*What you have to do*:
Once you have found the line with "Property at 340" in the records below, retype it and every line after it to the end exactly, with no pictures and nothing more.

*Data provided*:
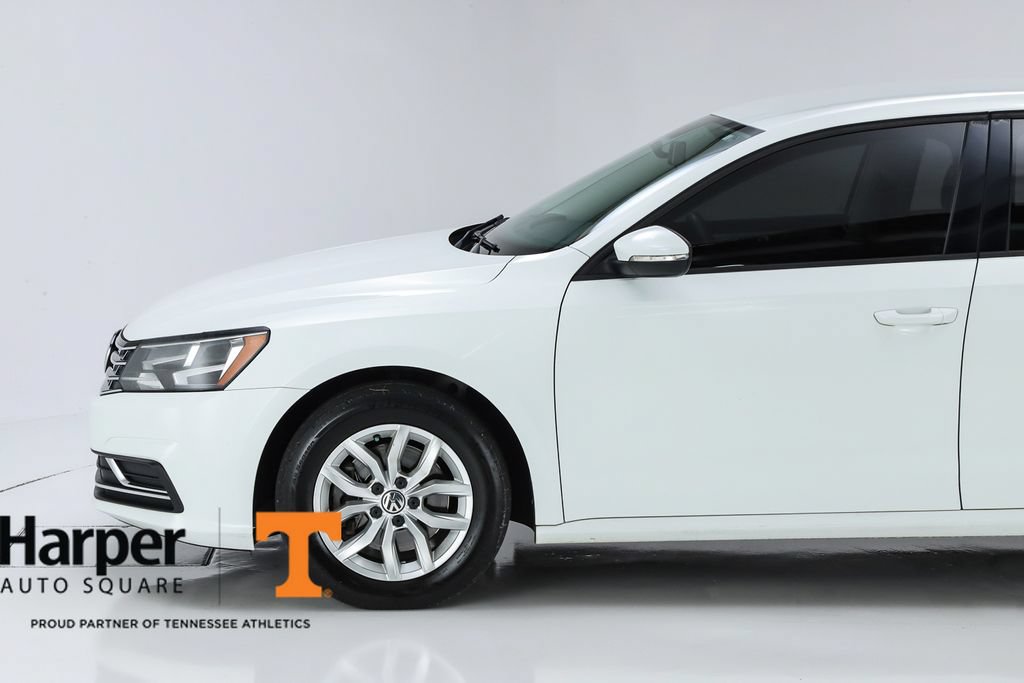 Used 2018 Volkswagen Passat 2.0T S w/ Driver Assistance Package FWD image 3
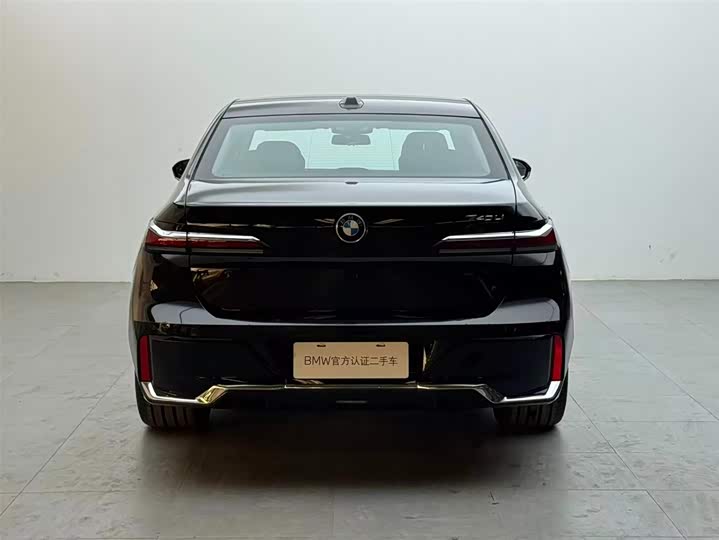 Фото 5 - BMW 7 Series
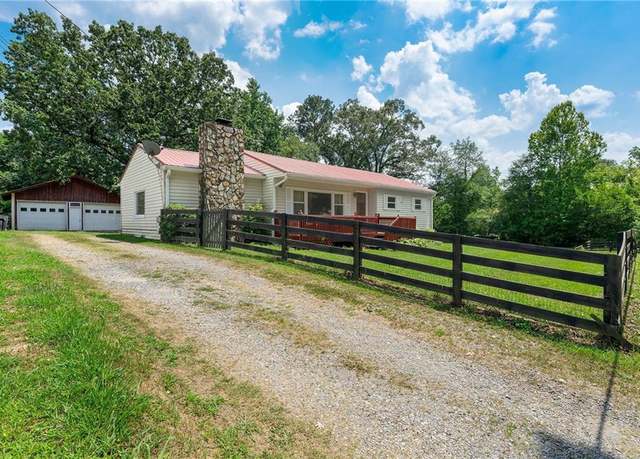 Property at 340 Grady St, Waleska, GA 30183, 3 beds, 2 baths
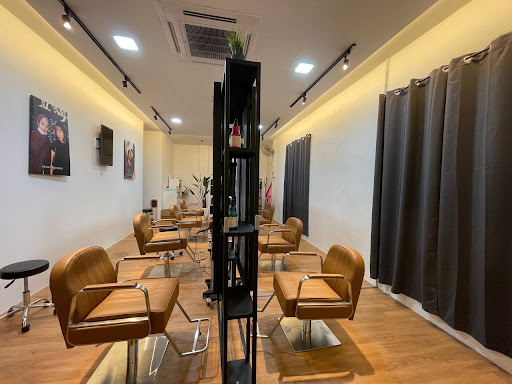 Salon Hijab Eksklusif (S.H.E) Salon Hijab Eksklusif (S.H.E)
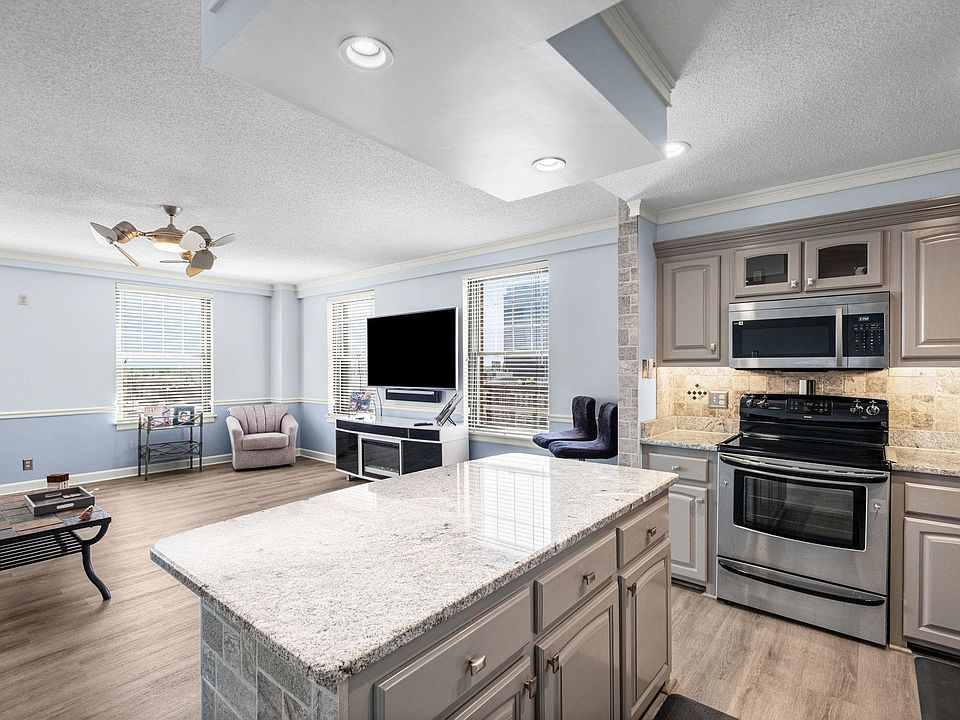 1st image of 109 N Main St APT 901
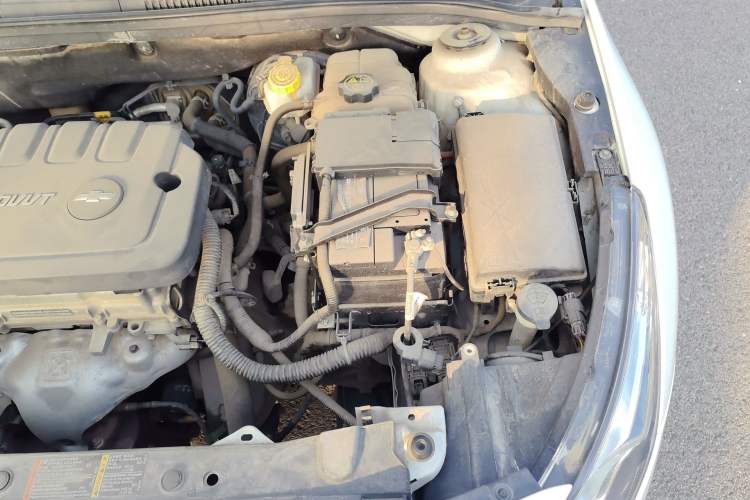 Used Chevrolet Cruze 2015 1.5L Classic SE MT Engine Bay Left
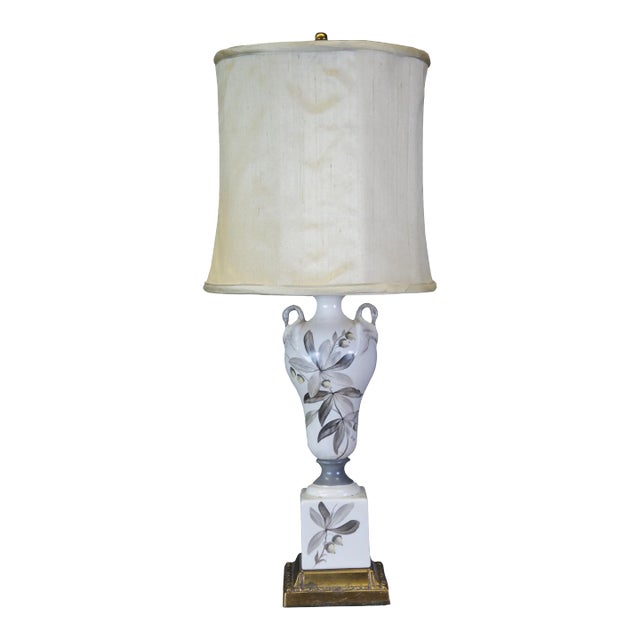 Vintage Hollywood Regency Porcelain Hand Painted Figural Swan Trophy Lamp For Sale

*Reply to the exercise*:
 Property at 340 Grady St, Waleska, GA 30183, 3 beds, 2 baths
 Salon Hijab Eksklusif (S.H.E) Salon Hijab Eksklusif (S.H.E)
 1st image of 109 N Main St APT 901
 Used Chevrolet Cruze 2015 1.5L Classic SE MT Engine Bay Left
 Vintage Hollywood Regency Porcelain Hand Painted Figural Swan Trophy Lamp For Sale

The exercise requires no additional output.